Several isolated islands in Oceania, some uninhabited, were under United States jurisdiction, including Howland, Baker, and Jarvis islands, Kingman Reef, and Palmyra and Johnston atolls. Devastation caused by World War II was obviously most extensive in areas within the combat zones. In a treaty of friendship signed in September 1979, the United States relinquished its claim to the eight Phoenix Islands and five central and southern Line Islands. The two northernmost Line Islands Kingman Reef and Palmyra Atoll as well as Jarvis, Baker, and Howland islands, which lay between the Gilbert and Line islands, remained United States territory, however. The potential coral reef area within the 10-fathom curve of Howland is estimated 3.0 square kilometers.
Howland Island was first reported by Capt. G.E.Netcher, of New Bedford. According to J.D.Hague it is about 1½ miles long by ½ a mile wide, containing, above the crown of the beach, an area of some 400 acres. The highest point is 17 feet above the reef and 10 or 12 feet above the level of the high tide. It trends N.N.W. and S.S.E.

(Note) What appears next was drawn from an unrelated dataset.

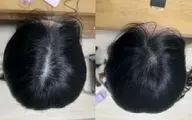 کشف روشی ساده برای درمان طاسی با نتایج چشمگیر در تنها هشت هفته!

The birds are probably much scarcer now that the islands are more frequented. Kotzebue during his Voyage of Discovery into the South Sea, &c., 18151818, must have passed very close to Baker and Howland islands, and he inferred the existence of land in the vicinity, from the numerous birds seen in every direction. He says, May 8th, 1816, lat. 3° 14' 34" S., long 168° 25' 33W.; yesterday, and still more to-day, we observed a number of sea fowls, of different kinds, which, after sunset, directed their flight to the S.W. I did not doubt, from great numbers of sea fowls, but we were in the neighbourhood of many uninhabited islands and rocks; and if time had permitted, I should have followed the flight of those fowls, and steered S.W.; but the current, which we found setting N.W., carried us in that direction, daily, from 33 to 45 miles, and continued so until we had crossed the Equator on the 11th, in long. 175° 27' 55" W. On the 12th of May we were in lat. 1° 17' 46 N., long. 177° 5' W, when besides numerous sea fowls of various descriptions, we observed one land bird; but as land could not even be descried from the mast-head, it is to be presumed that it must lie very low.

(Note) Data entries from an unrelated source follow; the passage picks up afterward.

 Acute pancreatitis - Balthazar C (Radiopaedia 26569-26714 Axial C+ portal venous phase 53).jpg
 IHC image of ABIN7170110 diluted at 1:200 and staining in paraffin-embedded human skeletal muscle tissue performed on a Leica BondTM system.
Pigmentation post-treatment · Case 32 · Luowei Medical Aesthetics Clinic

The general features of the island resemble those of Baker. Its surface, at least on the western side, is somewhat depressed, and much of it is covered by a growth of purslain, grass and other vegetation like that on Baker island, but considerably more abundant. Near the center of the island there are one or two thickets of leafless trees or brushwood, standing eight or ten feet high and occupying an area of several acres. The tops of these trees, in which the birds roost, are apparently quite dead; but the lower parts, near the roots, show signs of life after every rain.
The windward side of the island is formed by a succession of ridges composed of coral debris with some sand and shells, running parallel to the eastern beach, each one of which may, at earlier stages of the island's growth, have successively formed the weather shore. Occasionally among these ridges a sandy bed is met with in which some little guano is mixed. On the lee side there is also a sandy margin of considerable width. Bits of pumice and pieces of driftwood are scattered all over the island's surface.
The main deposit of guano occupies the middle part of the island, and stretches, with some interruptions of intervening sand, nearly from the north to the south end. Its surface is even, and in many places covered by a thick growth of purslain, whose thread-like roots abound in the guano where it grows. The deposit rests on a hard coral bottom and varies in depth from six inches to four feet. The fact, as observed at Baker island, that vegetation flourishes most where the guano is shallow, is also quite apparent here, and the consequent characteristic difference between the guano of the deep and shallow parts is distinctly marked. The first variety, from the deeper part, is a fine pulverulent substance of reddish brown color, usually a little damp in its native bed, and almost quite free from roots of fibers. The latter is of rather coarser texture, quite black, and containing many delicate roots and fibres, and much vegetable matter.